Mali: le mouvement de contestation persiste et appelle à un nouveau rassemblement à risques

2 min 38Temps de lecture approximatif

Le mouvement de contestation qui réclame le départ du pouvoir en place au Mali a donné mardi un nouveau rendez-vous à risques en appelant à un rassemblement "de recueillement" vendredi, une semaine après une manifestation ayant dégénéré en trois jours de troubles qui ont fait au moins 11 morts.

Malgré les tensions, les responsables du mouvement dit du 5-Juin (M5) n'ont délivré aucun signe de vouloir transiger et ont maintenu leur exigence d'une démission du président Ibrahim Boubacar Keïta, surnommé IBK, ainsi que le mot d'ordre de la "désobéissance civile".

"Celui qui a demandé qu'on vienne nous tuer n'est plus notre président", a dit en conférence de presse l'un des chefs de file du M5, Mountaga Tall, qui avait été arrêté avant d'être relâché, comme d'autres leaders, dont Issa Kaou Djim.

"Je n'ai pas peur d'IBK et notre détermination sera encore plus grande qu'avant.
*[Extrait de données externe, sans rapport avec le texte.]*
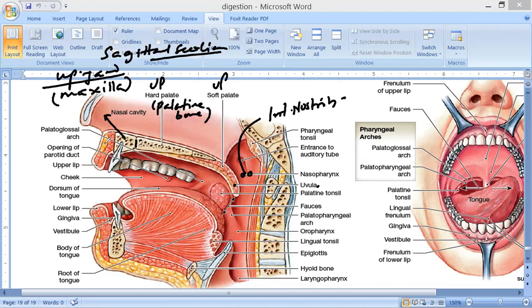The buccal cavity: the hard palate is made up of palatine bones. The upper jaw is made by the maxilla bone. The lips form the boundary, and between the lips and the teeth there is a gap called the vestibule — or oral vestibule — where your toothbrush runs. This is the tongue, these are the cheeks, and this is the tonsil.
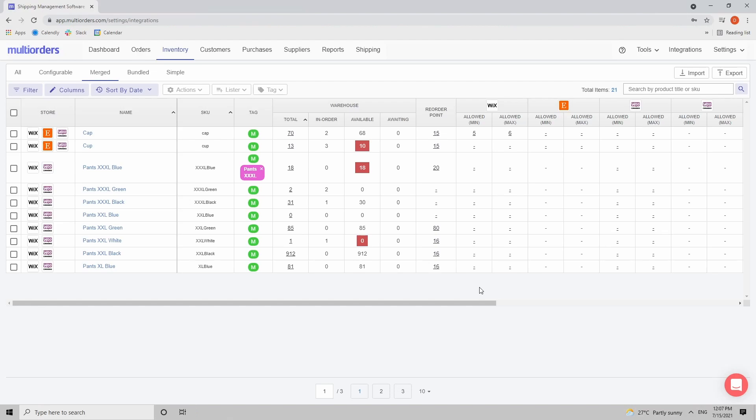Hello, in this tutorial video we will be discussing bundles, how to create them inside Multi-orders and why they're useful for your business. So first of all, what is a bundle? It's a package deal made of different components from your inventory.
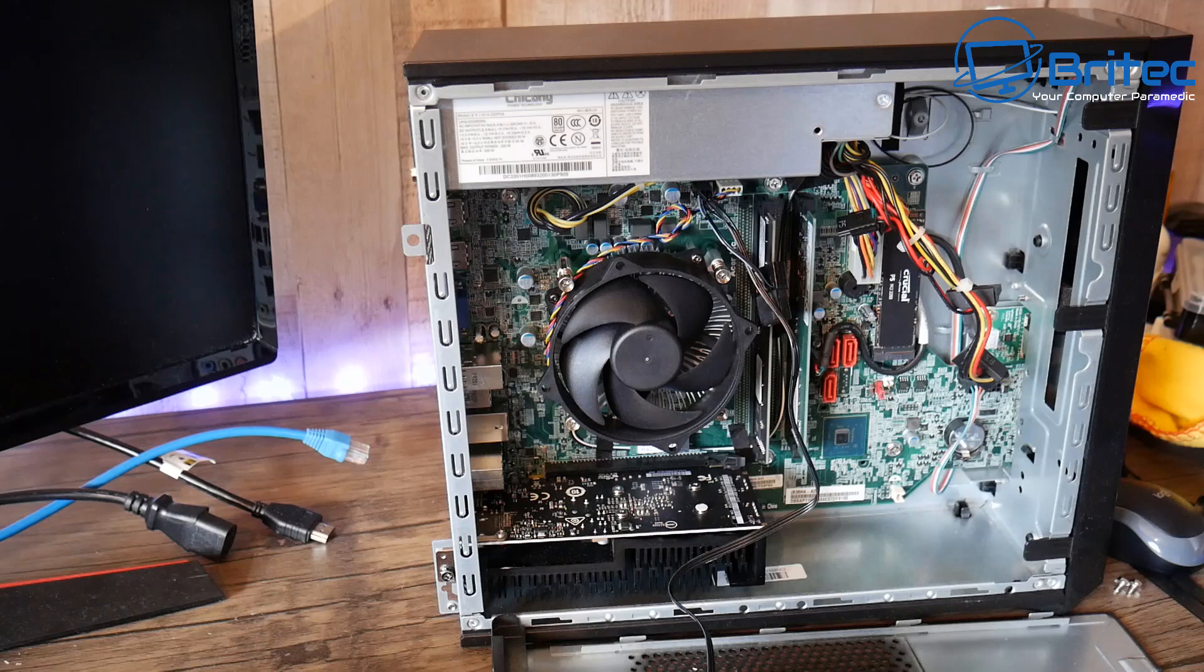Now remember whether you buy an ultra small form factor, small form factor or any of these small little PCs whether it be a Dell, Acer, HP or any of these small form factor PCs. They were never really designed to be hardcore gaming systems. Yes you can game on them but just stay within the limitations of that power supply and you should be safe. Just don't overdo it.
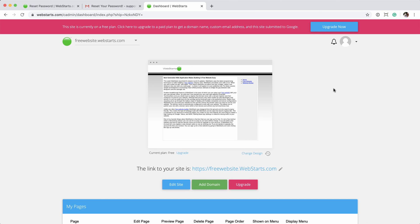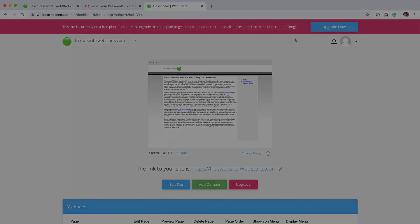And there you have it. I've successfully reset my password and logged into my account using that new email address and password. That just about does it for resetting your password. Thank you again for using WebStars. We'll see you on the next video.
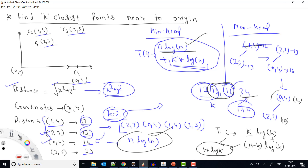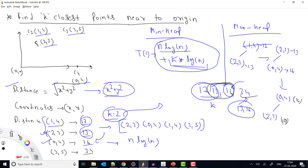After processing all elements, whatever remains in the max-heap represents the K closest elements. Here, (2,3) with distance 13 and (0,4) with distance 16 are the closest. We fetch them one by one and print the result. This is how the max-heap approach works: create a max-heap of K elements, then for each remaining element, if it is less than the top, remove the top and insert the new element.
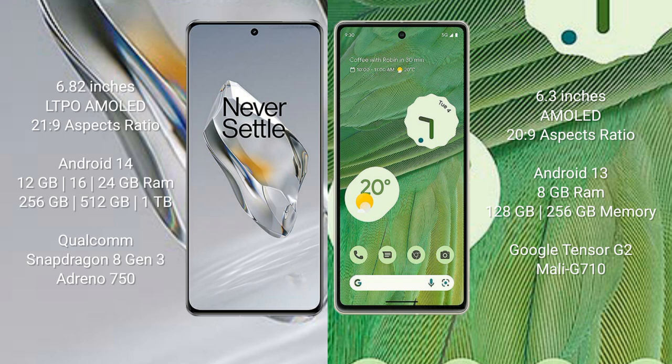512GB, 1TB internal storage, Qualcomm Snapdragon 8 Gen 3 processor and GPU Adreno 750. Google Pixel 7 comes with 8GB RAM and 128GB, 256GB internal storage, Google Tensor G2 processor and GPU Mali-G710.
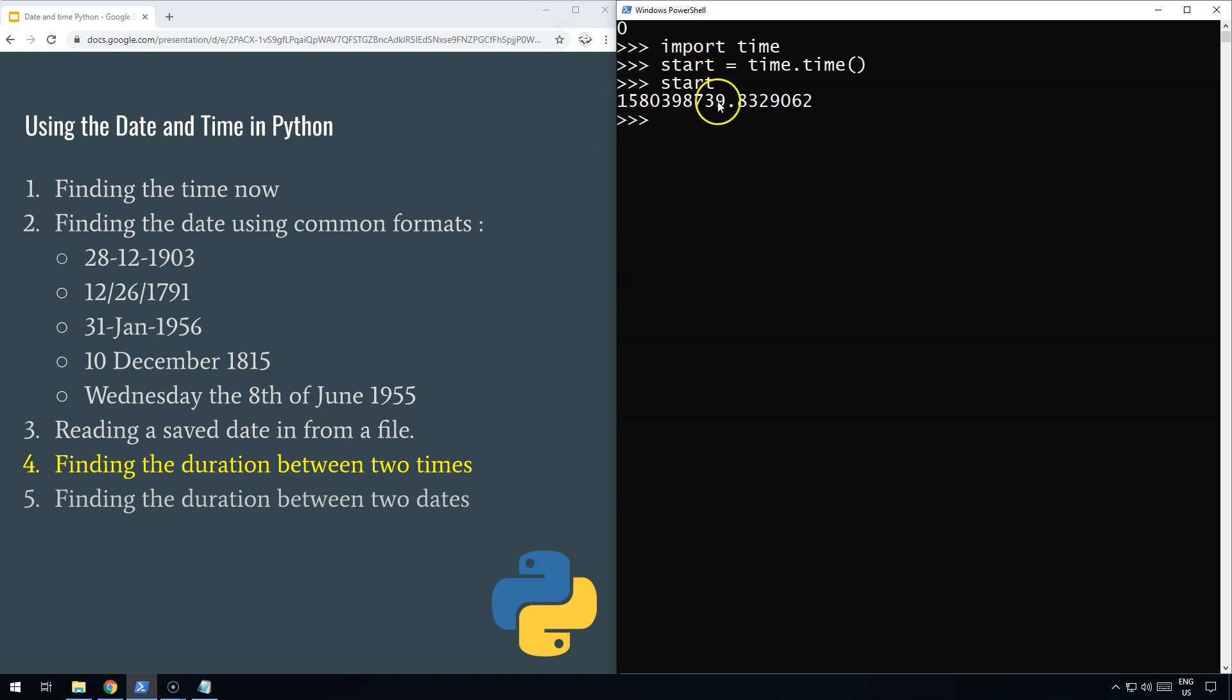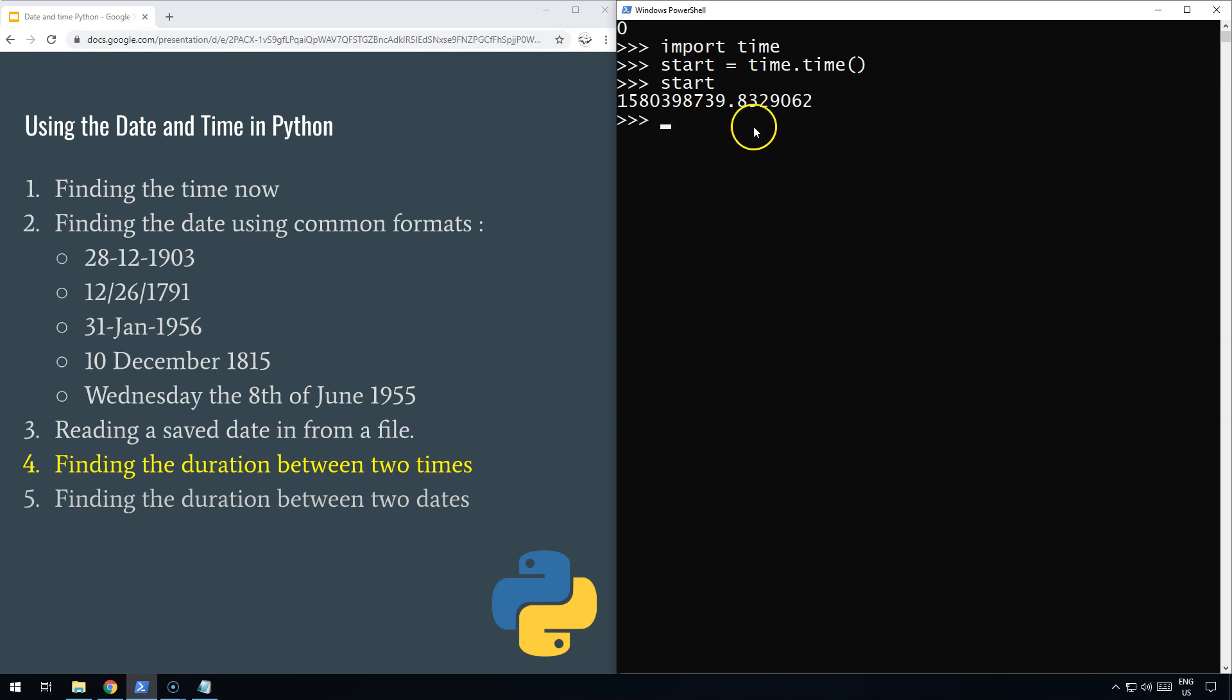It's the number of seconds with some milliseconds from the beginning of time. What do I mean by the beginning of time? Well, it's not really the beginning of time, it's the beginning of computer time. That's the number of seconds since the first of January 1970, when for some reason they decided that was the beginning of the computer universe.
C'est pour la libération du Mali", a dit Issa Kaou Djim.

Bamako, préservée en temps normal des violences jihadistes et intercommunautaires qui endeuillent le nord et le centre du pays, a été la proie entre vendredi et dimanche de ses troubles civils les plus graves depuis 2012, point culminant de plusieurs semaines d'une crise qui alarme les alliés et les voisins du Mali.

Les violences ont commencé vendredi à l'issue d'un rassemblement, le troisième à l'appel du M5 depuis juin, mais le premier sous le signe de la "désobéissance civile". Un climat quasiment insurrectionnel s'est propagé à plusieurs quartiers, dont Badalabougou, fief de la principale figure du mouvement, l'imam Mahmoud Dicko, et théâtre samedi soir de scènes de guerre.

Le gouvernement parle de 11 morts. La contestation évoque un bilan plus lourd. Le M5 a dit mardi son intention de demander l'intervention de la Cour pénale internationale pour faire juger les responsables de ces morts. La CPI ne peut toutefois pas être saisie par une organisation.

- "Recueillement et prière" -

Un calme précaire est progressivement revenu, mais la confrontation laisse chaque camp face à des décisions lourdes de conséquences.

C'est dans un contexte volatil que le M5 a décidé d'appeler à prier à la mémoire des morts vendredi à 14H00 (locales et GMT) au monument de l'Indépendance.

"C'est un rassemblement de recueillement et de prière", a dit Mountaga Tall.

Le M5, coalition hétéroclite de personnalités religieuses, du monde politique et de la société civile, s'est agglomérée autour de l'imam Dicko, éminente figure publique et farouche adversaire du pouvoir, après les législatives contestées de mars-avril.

Le mouvement canalise les mécontentements multiples, contre la dégradation sécuritaire et l'incapacité à y faire face, le marasme économique et social, la défaillance de l'Etat, ou le discrédit répandu d'institutions suspectes de corruption.

Le président a tenté différentes ouvertures: offre de gouvernement d'union nationale, dissolution de la Cour constitutionnelle, législatives partielles là où la Cour constitutionnelle avait invalidé les résultats initialement proclamés en avril. Cette invalidation est considérée comme un déclic.

Dans ce qui est vu comme un geste d'apaisement, les autorités, après avoir réprimé la révolte, ont relâché dimanche soir et lundi les opposants arrêtés.

Mais aucune des ouvertures du président n'a dissipé la fièvre. La communauté internationale s'alarme de cette escalade à l'issue imprévisible dans un pays déjà confronté au jihadisme, aux violences de toutes sortes et à la pauvreté, et dans une région elle-même tourmentée.

Elle s'emploie discrètement à désamorcer la crise. Dimanche soir, les représentants de l'Union africaine, de la Communauté des Etats d'Afrique de l'Ouest (Cédéao), de l'ONU et de l'UE au Mali avaient réitéré les préconisations récentes d'une mission de bons offices de la Cédéao: formation d'un gouvernement d'union, organisation de législatives partielles.

La présidence malienne a annoncé la venue, mercredi, d'une mission de la Cédéao conduite par l'ancien président du Nigeria Jonathan Goodluck et composée de présidents de Cours constitutionnelles.